Do I tell you what you need to hear.
Do I tell you the truth.
Judge your news by those picks.
“Objective journalism and an opinion column are about as similar as the Bible and Playboy magazine.”
~Walter Cronkite
To be honest I never set out to be Woodward or Bernstein, nor Hemingway or Hunter S., in my soul I’m just a writer who cares about stuff and folks, not many jobs with that in the title, so I became a reporter, a news guy, a journalist.
I’m in the sports journalism game because of one man, one quote, this the quote:
“…when the one Great Scorer comes to write against your name, he marks not that you won or lost but how you played the Game”
~Grantland Rice
The man, my Uncle, Sibby Sisti, a Major League ballplayer during the 1950’s while I was growing up.

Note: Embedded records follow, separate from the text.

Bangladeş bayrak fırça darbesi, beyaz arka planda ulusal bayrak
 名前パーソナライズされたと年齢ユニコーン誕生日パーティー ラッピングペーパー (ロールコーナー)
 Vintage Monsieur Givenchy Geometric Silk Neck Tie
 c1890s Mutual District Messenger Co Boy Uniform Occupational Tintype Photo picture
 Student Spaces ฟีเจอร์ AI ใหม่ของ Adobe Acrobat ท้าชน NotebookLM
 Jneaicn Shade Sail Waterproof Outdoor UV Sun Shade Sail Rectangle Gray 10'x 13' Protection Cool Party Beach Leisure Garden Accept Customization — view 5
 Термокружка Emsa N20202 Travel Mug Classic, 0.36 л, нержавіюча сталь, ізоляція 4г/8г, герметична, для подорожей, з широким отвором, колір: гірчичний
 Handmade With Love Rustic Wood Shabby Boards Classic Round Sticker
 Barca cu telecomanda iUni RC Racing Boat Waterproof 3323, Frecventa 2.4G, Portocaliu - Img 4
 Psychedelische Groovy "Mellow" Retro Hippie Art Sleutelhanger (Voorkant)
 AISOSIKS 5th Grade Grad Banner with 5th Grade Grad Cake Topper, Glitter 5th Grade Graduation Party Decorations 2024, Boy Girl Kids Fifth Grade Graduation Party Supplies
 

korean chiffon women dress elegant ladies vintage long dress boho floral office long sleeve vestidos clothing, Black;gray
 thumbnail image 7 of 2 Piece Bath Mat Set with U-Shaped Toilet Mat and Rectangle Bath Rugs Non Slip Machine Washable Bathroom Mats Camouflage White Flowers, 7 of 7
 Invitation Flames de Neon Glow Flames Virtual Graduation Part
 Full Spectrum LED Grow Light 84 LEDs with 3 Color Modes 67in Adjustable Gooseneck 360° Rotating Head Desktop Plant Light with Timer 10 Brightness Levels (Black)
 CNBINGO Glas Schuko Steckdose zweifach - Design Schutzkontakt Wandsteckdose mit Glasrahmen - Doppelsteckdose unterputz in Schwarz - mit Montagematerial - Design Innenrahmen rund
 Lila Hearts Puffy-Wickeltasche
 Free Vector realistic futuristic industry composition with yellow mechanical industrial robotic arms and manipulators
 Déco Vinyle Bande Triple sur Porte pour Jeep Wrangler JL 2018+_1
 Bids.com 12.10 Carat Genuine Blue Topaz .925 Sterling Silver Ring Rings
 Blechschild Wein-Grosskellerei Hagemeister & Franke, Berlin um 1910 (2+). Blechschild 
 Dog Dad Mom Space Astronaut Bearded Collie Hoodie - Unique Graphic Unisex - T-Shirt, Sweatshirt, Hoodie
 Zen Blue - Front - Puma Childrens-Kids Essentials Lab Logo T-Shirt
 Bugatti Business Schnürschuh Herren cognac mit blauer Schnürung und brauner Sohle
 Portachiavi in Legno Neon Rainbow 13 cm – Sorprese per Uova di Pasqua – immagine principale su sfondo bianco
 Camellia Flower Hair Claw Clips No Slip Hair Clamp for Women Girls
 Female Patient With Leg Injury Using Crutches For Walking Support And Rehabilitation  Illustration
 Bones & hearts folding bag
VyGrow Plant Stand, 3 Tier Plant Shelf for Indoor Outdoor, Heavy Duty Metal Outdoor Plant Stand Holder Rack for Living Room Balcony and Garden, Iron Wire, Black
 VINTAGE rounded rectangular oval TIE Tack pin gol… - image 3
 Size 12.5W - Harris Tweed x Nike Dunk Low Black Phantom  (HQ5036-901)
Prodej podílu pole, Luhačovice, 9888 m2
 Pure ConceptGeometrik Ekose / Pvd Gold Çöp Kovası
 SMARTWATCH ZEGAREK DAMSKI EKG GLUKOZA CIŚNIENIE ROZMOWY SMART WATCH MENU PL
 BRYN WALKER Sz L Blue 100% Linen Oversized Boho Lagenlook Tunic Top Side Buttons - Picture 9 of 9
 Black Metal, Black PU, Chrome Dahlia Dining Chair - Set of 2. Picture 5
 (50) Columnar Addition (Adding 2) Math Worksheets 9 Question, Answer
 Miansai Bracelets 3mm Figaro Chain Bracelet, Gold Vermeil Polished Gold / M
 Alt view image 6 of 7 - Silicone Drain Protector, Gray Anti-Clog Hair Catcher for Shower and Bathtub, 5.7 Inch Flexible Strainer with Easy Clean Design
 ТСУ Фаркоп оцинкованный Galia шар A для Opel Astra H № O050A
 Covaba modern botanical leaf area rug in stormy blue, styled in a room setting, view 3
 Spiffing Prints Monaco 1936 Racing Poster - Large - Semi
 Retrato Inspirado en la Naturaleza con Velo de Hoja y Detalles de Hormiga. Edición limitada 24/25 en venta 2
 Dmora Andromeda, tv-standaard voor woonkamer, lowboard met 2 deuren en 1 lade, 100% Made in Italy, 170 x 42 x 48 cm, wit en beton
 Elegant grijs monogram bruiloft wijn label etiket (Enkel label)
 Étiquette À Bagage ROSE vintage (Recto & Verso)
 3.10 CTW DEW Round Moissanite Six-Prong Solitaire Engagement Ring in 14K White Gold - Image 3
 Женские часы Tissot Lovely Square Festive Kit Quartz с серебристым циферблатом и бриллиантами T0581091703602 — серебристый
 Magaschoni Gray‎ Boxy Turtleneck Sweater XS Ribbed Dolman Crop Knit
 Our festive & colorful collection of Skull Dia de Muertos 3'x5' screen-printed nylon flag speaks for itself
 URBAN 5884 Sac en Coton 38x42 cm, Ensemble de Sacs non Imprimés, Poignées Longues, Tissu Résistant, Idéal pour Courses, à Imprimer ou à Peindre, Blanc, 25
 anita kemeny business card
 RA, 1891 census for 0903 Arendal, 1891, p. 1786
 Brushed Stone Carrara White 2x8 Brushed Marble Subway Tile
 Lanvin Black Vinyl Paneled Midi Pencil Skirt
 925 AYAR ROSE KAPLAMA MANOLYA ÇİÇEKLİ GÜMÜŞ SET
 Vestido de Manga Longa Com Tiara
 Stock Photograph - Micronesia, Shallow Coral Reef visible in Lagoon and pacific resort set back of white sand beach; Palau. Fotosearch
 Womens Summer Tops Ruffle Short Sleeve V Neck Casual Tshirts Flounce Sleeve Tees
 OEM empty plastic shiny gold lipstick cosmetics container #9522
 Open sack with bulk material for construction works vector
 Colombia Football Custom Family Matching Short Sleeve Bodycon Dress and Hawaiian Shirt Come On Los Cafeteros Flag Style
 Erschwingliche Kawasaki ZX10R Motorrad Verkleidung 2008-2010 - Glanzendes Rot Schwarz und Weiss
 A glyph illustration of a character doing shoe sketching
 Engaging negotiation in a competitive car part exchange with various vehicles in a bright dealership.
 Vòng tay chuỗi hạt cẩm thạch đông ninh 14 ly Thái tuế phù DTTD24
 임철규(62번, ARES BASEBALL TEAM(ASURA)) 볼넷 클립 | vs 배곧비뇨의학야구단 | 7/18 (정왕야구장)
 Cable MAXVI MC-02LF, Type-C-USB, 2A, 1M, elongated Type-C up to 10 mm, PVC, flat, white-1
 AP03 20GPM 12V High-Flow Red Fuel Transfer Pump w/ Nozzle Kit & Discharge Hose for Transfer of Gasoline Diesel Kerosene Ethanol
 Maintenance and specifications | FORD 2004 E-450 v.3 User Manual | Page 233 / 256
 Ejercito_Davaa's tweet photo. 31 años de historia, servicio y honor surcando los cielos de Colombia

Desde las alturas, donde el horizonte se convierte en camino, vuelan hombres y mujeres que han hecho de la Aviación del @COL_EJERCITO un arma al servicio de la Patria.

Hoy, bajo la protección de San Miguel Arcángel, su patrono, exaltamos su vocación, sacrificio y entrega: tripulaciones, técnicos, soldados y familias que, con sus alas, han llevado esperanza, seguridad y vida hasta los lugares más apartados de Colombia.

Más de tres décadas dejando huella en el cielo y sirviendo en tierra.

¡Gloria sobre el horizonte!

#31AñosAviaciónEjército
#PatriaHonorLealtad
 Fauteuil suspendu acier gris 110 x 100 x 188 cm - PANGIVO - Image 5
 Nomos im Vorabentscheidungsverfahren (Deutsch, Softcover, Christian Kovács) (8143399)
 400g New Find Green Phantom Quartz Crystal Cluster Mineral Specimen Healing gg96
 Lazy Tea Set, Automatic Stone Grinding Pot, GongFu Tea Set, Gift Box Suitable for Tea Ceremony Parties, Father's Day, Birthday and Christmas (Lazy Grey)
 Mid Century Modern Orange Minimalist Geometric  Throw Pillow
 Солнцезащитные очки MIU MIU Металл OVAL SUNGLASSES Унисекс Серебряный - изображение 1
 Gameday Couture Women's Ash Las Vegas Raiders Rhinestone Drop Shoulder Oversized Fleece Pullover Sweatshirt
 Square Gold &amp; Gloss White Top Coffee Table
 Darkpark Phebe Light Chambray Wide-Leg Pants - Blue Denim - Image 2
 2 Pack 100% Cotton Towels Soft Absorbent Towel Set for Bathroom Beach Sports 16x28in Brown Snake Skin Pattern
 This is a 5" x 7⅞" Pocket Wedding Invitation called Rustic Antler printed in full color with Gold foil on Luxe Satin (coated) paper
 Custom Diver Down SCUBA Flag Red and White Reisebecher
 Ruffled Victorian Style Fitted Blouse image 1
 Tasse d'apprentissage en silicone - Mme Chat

Sib, told me stories of the game, of the players and one such story I never forgot, listen here to my favorite uncle, now gone, Uncle Sib:
(I won’t put quotes around this because I was about 8 when he told me it) Donnie it was fall ball, 1952 in St. Louis, I’m in Right Field, got me a base hit that game, RBI, I’m standing out in right and my friend, Warren (Warren Spahn) is on the mound and up comes Stan Musial…
I’m sitting at a homemade bar in Uncle Sib’s basement, the bar stool legs are made of baseball bats, Sib is behind the bar with a bat over his shoulder, above him are two signed balls I always look at but can’t touch, one is signed by Babe Ruth, one is signed by Abbott & Costello…
…and Donnie the park erupts with cheers and Warren being Warren pitches to him and I can’t actually see the pitch but I hear the crack of the bat and I see the ball launch, not my way, but as I start to move Donnie I feel can really feel down on the field the air sucked out of the park as the fans hush as the ball climbs and climbs…
…even at age 8 I knew this was something important he was telling me because he was smiling the smile of the player transported back to that game.
…and once it clears the whole stadium erupts but…
…and the bat comes off his shoulder and he leans closer to the bar and my dad sitting next to me pokes me on the shoulder, the dreaded childhood listen up poke…
….Donnie the game isn’t about the cheers, it’s about the hush.
Thirty two years later in a non-descript cafeteria I told Bob Feller that story, and he smiled, told me he knew my Uncle and told me, quote, “The hush is the game and it is why they come to watch.”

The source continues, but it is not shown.